9. The nine most terrifying words in the English language are “I’m from the government, and I’m here to help.”

So said Ronald Reagan. He understood that when government officials come to help you, they give you the kind of help they think you need, not the kind of help you think you need. Or worse: they do something intended to make a public show of their compassion, to make them feel good about themselves and to position themselves as morally superior to their political opponents—those cruel, heartless Republicans—without really caring whether it makes a positive difference for the supposed beneficiaries.

Charles Krauthammer recently described his personal journey from the political left to the political right, and one of the key steps was when the data came in about the consequences of the Great Society welfare state. It turned out that the War on Poverty did not, in fact, lift people out of poverty but instead trapped them in a cycle of dependence on government.

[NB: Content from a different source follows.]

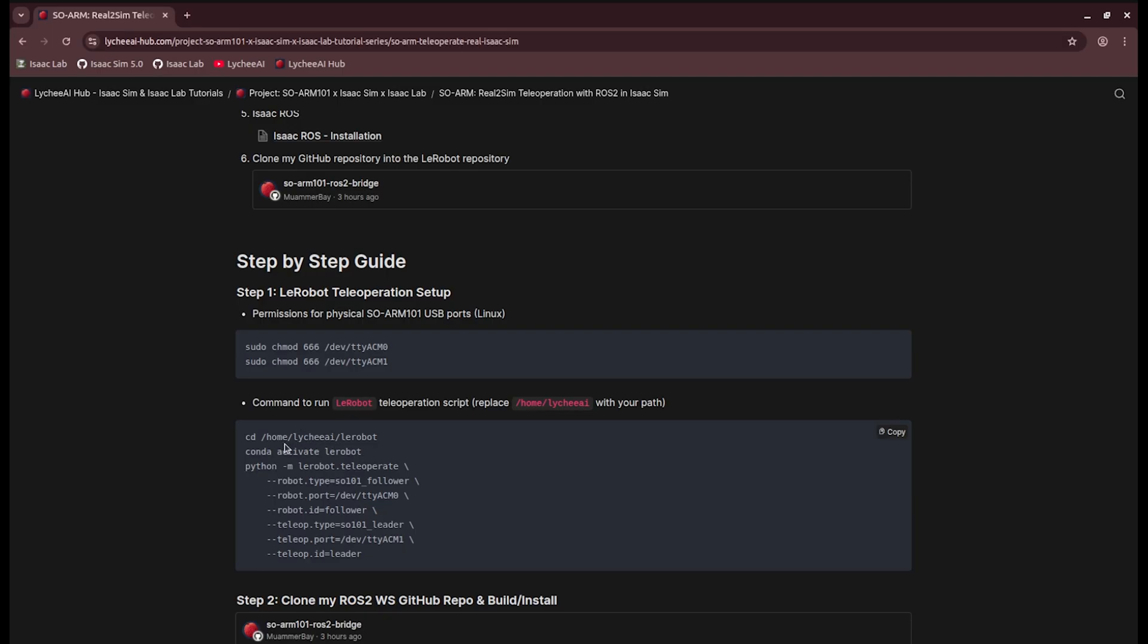Next up, we will go into the repository. I'm already inside and you have to replace it with your own. Activate the conda environment, which you will create by following the installation instructions. And then finally, launch the teleoperation script.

The great symbols of this failed welfare state were the high-rise public housing projects, which turned out to be government-run ghettos more violent and hopeless than the ones they had replaced. There’s a reason most of those projects have since been demolished: nobody wanted the reminder. Perhaps we should have kept a few around, like the remaining sections of the Berlin Wall, as a museum to remind us of the horrors of government “help.”

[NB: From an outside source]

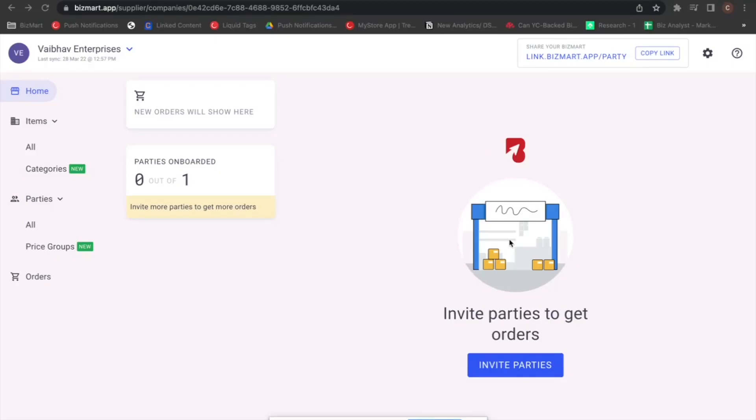Hi, welcome to another of Bizmart's feature videos. In this video, we will explore customization of price of your items on your catalog. To change the price settings of any particular item...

Ayn Rand, who learned the lessons of 20th-century statism better than anyone, once described the architects of the welfare state as “monument builders.” Like the kings and dictators who preceded them, who laid waste to whole continents so they could build heroic monuments to their own vanity, modern politicians and bureaucrats use the welfare state as a costly monument to the moral vanity of their own self-proclaimed compassion.

ObamaCare is building another such monument. It will “help” millions of the uninsured by taxing them for their failure to buy health insurance through online exchanges that don’t work—and it will “help” millions of others by forcing them out of their existing health insurance and into plans where they pay more money for fewer benefits and a more restricted network of doctors.

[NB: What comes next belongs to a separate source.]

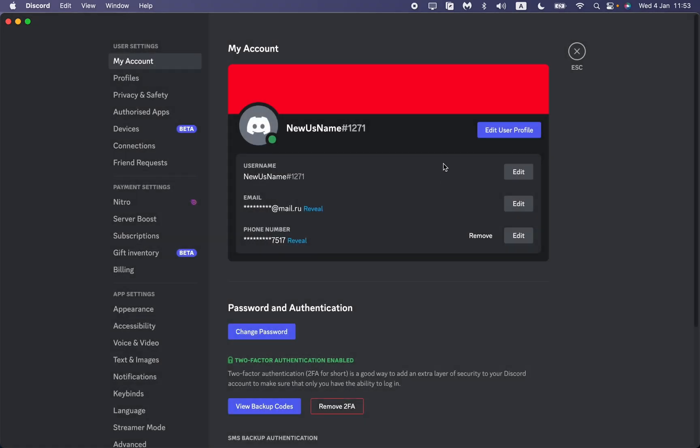This is the way how you can delete your email on Discord. This is the only way. I hope this tutorial was helpful for you. If it is, please like this video, subscribe to my channel, and write your comment. Goodbye.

The comparison of welfare-state politicians and bureaucrats to the old aristocracy indicates our final lesson.

10. Freedom is indivisible.

The lie about being able to keep our health insurance, and the left’s defense of that lie, lays bare the arrogant paternalism of big government. The message is that it’s OK to lie to us, because we don’t know enough to pick out our own insurance plans anyway, so the experts have to herd us into the plans that they know are really good for us. But notice how seamlessly the advocates of big government go from economic paternalism to political paternalism. If it’s OK for elites to control our economic decisions because we don’t know what’s good for us, then it’s a small step to say that it’s OK for them to lie to us to manipulate us into voting the way they want us to. That’s the most ominous lesson of Obama’s lie about keeping our insurance, and his ongoing lies about lying.

On a practical level, government regulation of economics is itself an encroachment on our liberty and gives the government leverage to impose further encroachments. On an ideological level, if we can’t be trusted to choose an insurance plan, why would the big-government elites trust us to choose a political leader or a political platform? In excusing the president for telling a Big Lie to the American people, the defenders of ObamaCare are declaring their hostility to freedom across the board.

As Margaret Thatcher used to say, “freedom is indivisible.” “Once the customer is dependent on the state for all his needs; once the worker can turn only to the state for work; once there is no possibility of the promotion of the arts except by patronage of the state; then, not only enterprise, but freedom itself is destroyed.” Read the whole speech, which stated this big lesson of the 20th century with timeless eloquence.

As ObamaCare is implemented, there will no doubt be many more examples of these ten lessons. We had better start learning them now, in the hope that this time they will stick and we will be spared the next big demonstration of the failure of big government.